| ACTIVITY |
Copy only what lies from the line containing "Lot de 3 - phlox" through the line containing "Auburn University The GWW-GoMA project" in the entries below, keeping both end lines exact and dropping every picture.

[INPUT DATA Boundary: Start]

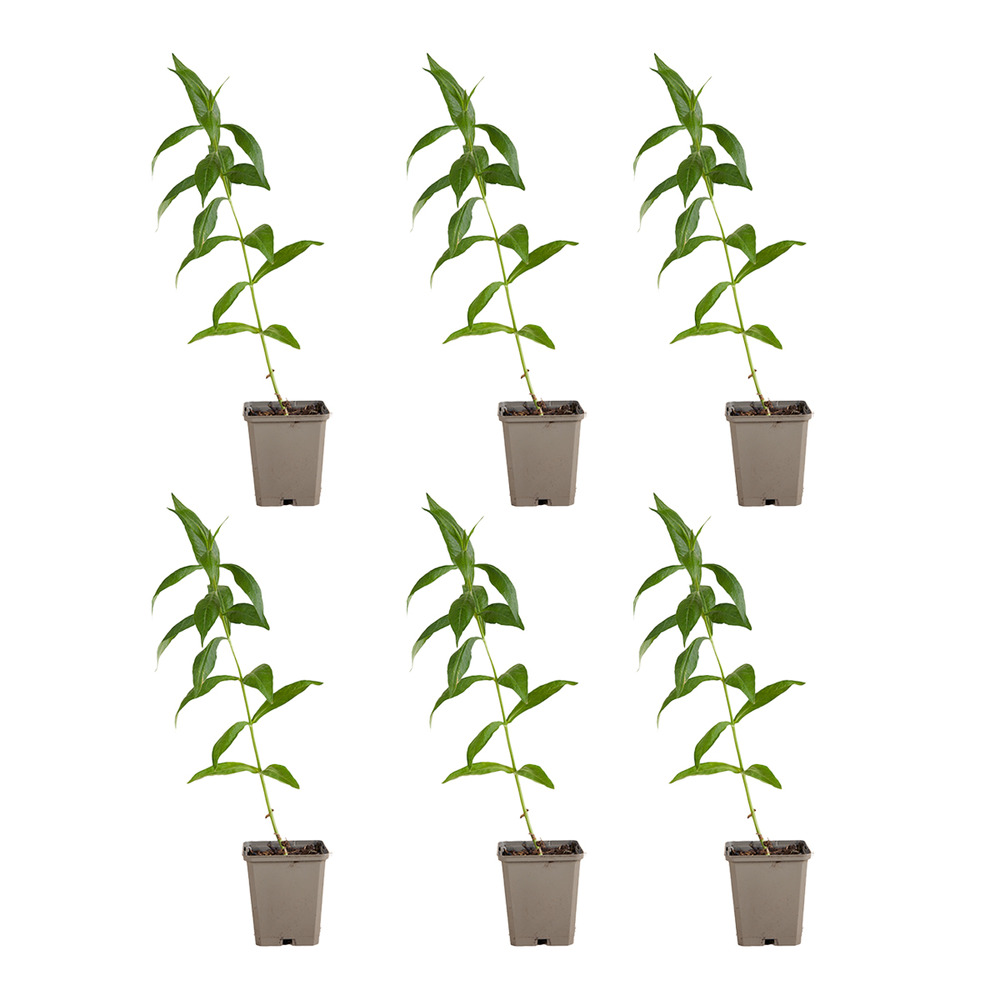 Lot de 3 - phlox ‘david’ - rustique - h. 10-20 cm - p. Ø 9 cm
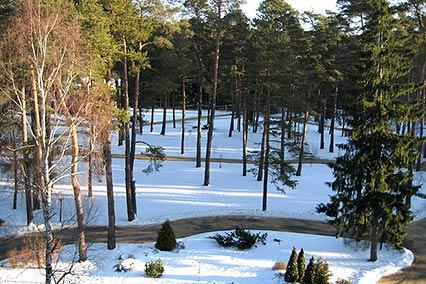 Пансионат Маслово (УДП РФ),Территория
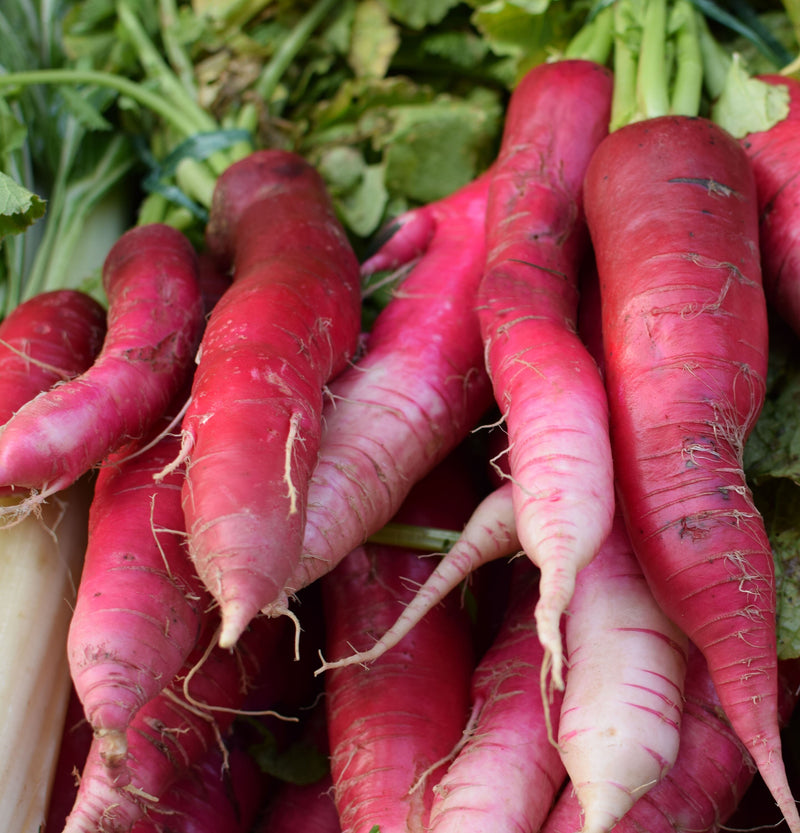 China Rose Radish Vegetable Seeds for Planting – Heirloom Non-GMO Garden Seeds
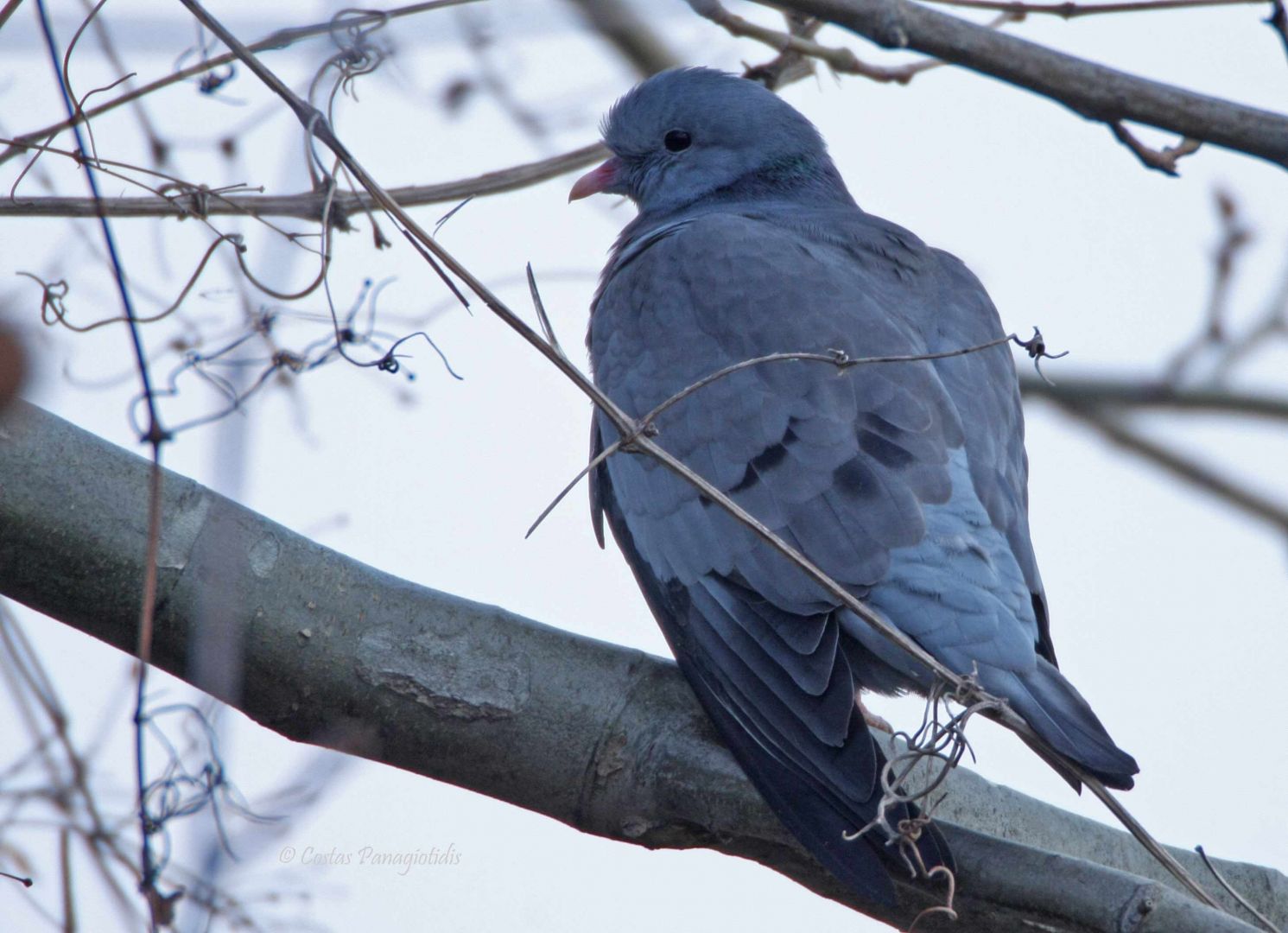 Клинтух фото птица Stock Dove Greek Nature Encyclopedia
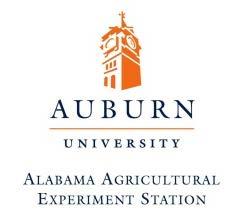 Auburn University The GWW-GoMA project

[INPUT DATA Boundary: End]
[INPUT DATA Boundary: Start]

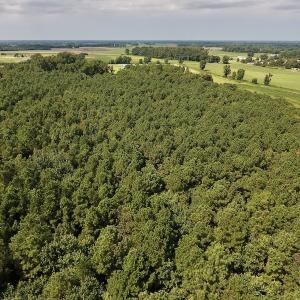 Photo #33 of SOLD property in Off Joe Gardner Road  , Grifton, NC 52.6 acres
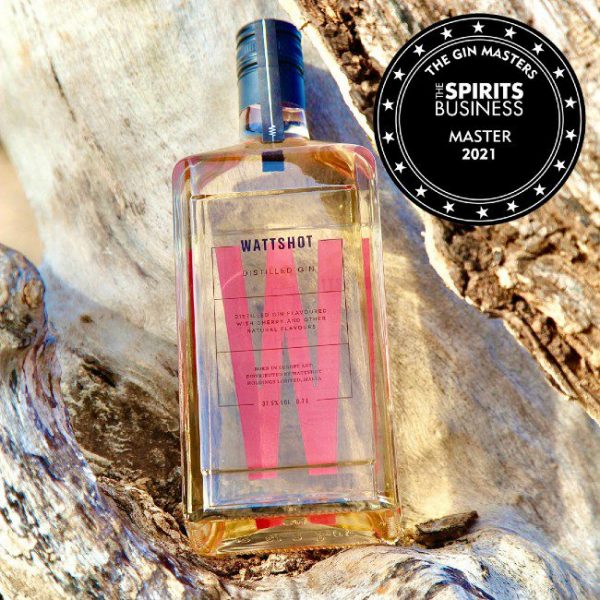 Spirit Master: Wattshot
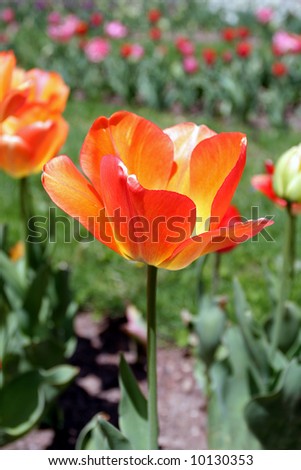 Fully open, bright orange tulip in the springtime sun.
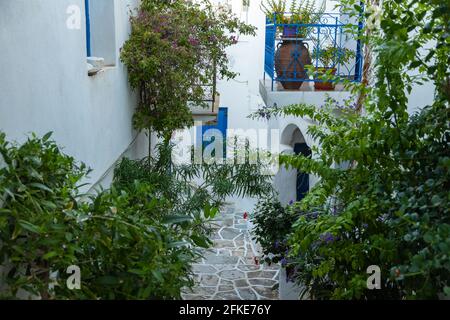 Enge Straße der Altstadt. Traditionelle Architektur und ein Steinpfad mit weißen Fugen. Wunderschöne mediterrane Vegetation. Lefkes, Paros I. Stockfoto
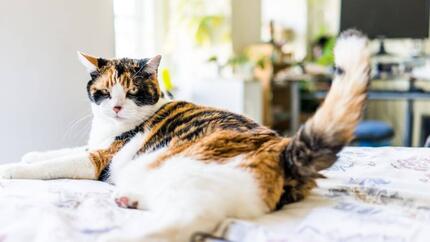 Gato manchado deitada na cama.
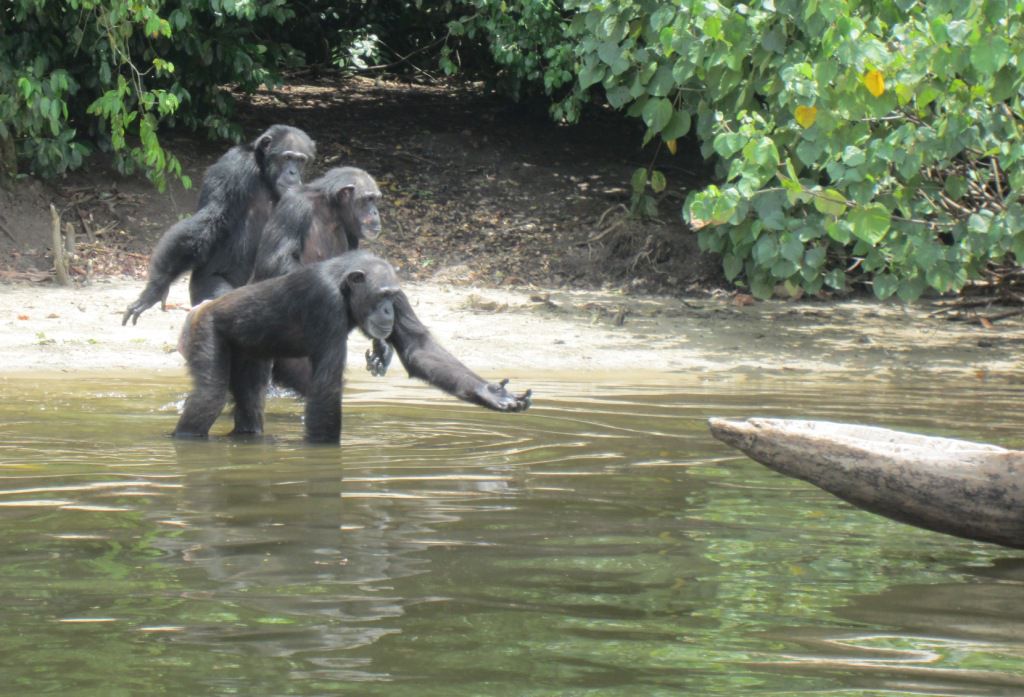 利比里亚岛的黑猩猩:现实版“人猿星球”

[INPUT DATA Boundary: End]
[INPUT DATA Boundary: Start]

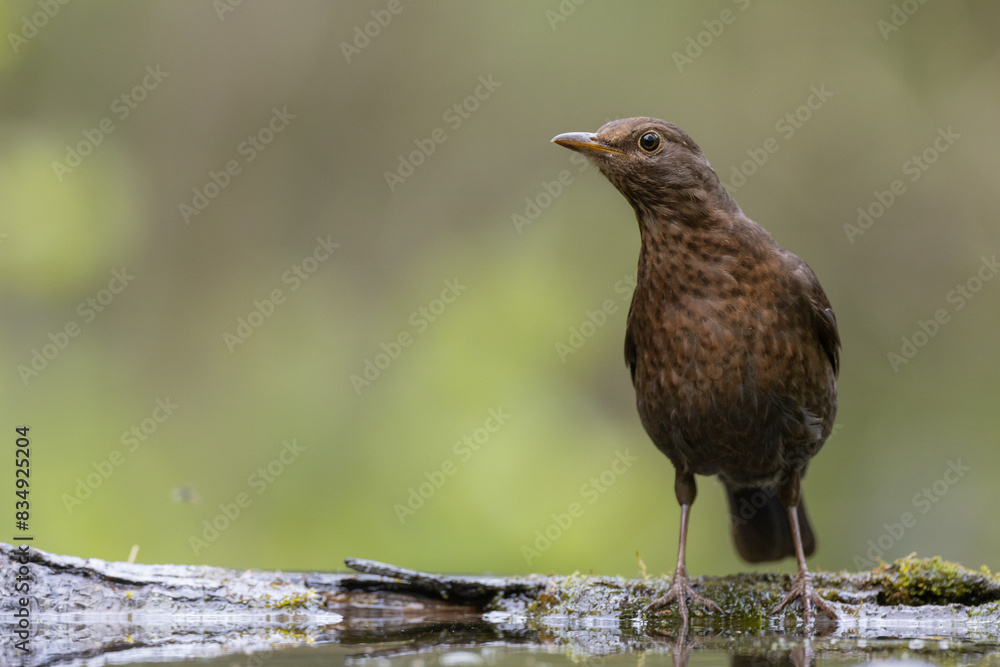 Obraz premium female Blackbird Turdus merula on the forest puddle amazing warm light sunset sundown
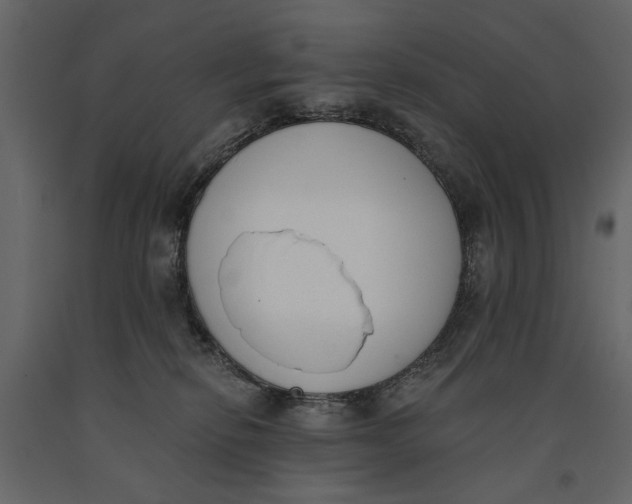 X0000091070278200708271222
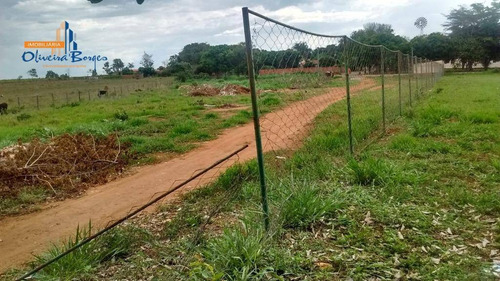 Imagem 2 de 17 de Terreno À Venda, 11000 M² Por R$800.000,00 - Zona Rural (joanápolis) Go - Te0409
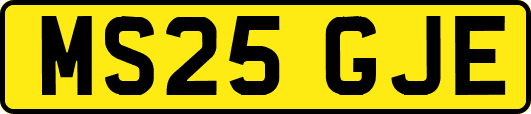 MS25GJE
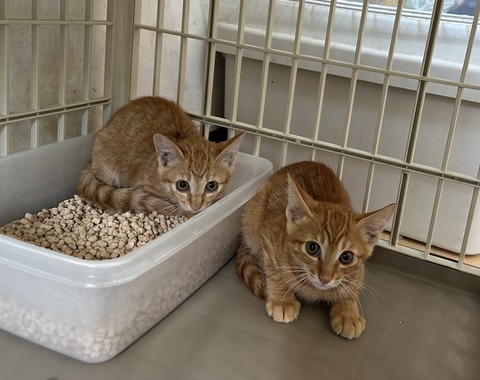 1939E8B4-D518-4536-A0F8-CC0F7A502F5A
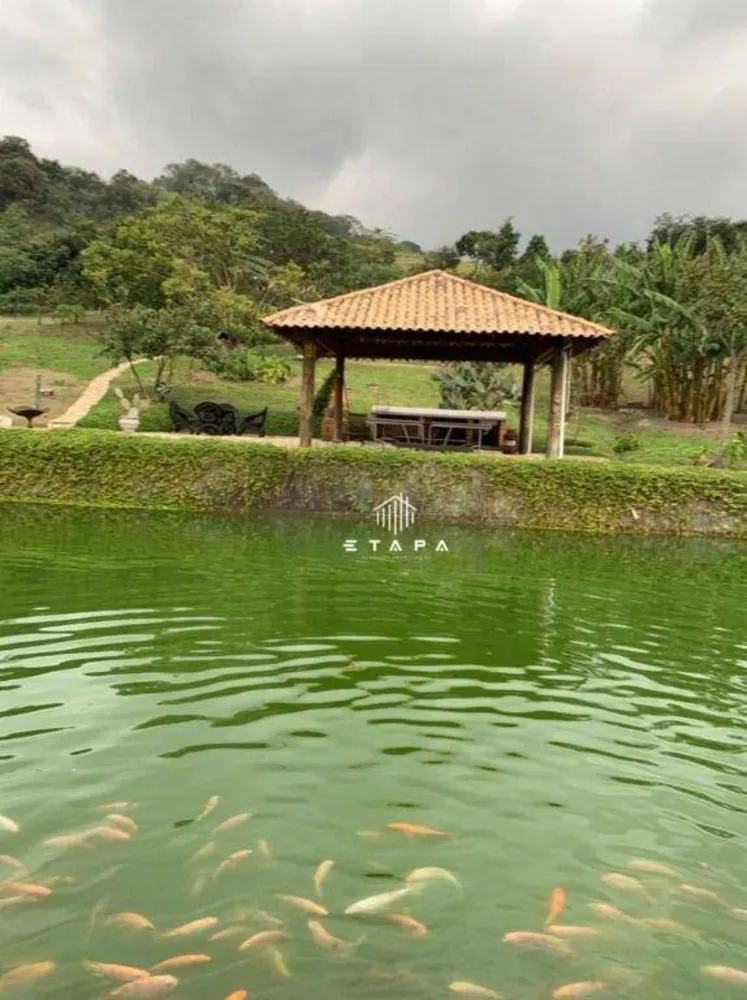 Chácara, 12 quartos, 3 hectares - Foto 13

[INPUT DATA Boundary: End]

| EXERCISE SOLUTION |
 Lot de 3 - phlox ‘david’ - rustique - h. 10-20 cm - p. Ø 9 cm
 Пансионат Маслово (УДП РФ),Территория
 China Rose Radish Vegetable Seeds for Planting – Heirloom Non-GMO Garden Seeds
 Клинтух фото птица Stock Dove Greek Nature Encyclopedia
 Auburn University The GWW-GoMA project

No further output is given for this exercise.